* **Available records**:
BEGIN

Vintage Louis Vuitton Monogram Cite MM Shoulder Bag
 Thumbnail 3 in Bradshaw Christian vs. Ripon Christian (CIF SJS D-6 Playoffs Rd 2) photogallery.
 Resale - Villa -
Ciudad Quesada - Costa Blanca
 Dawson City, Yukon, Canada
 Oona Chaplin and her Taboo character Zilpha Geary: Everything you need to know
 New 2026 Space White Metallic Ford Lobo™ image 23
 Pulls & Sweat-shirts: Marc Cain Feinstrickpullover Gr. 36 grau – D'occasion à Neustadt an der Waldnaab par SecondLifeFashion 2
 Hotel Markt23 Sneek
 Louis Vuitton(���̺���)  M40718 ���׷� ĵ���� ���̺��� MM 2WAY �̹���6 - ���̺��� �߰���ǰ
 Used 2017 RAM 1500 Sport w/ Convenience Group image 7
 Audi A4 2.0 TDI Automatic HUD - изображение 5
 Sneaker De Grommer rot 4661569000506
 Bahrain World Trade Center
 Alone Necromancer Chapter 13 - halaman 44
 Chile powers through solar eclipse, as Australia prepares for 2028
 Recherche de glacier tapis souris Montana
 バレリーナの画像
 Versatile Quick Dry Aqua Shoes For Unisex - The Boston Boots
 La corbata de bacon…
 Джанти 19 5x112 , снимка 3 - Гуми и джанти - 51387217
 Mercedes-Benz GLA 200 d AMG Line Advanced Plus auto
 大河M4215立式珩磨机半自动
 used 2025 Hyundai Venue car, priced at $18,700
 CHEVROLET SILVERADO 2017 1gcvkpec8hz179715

END

* **What is expected**: Starting at the line that contains "Chile powers through", output every remaining line of the data exactly, and stop after the last one.

* **Response area**:
 Chile powers through solar eclipse, as Australia prepares for 2028
 Recherche de glacier tapis souris Montana
 バレリーナの画像
 Versatile Quick Dry Aqua Shoes For Unisex - The Boston Boots
 La corbata de bacon…
 Джанти 19 5x112 , снимка 3 - Гуми и джанти - 51387217
 Mercedes-Benz GLA 200 d AMG Line Advanced Plus auto
 大河M4215立式珩磨机半自动
 used 2025 Hyundai Venue car, priced at $18,700
 CHEVROLET SILVERADO 2017 1gcvkpec8hz179715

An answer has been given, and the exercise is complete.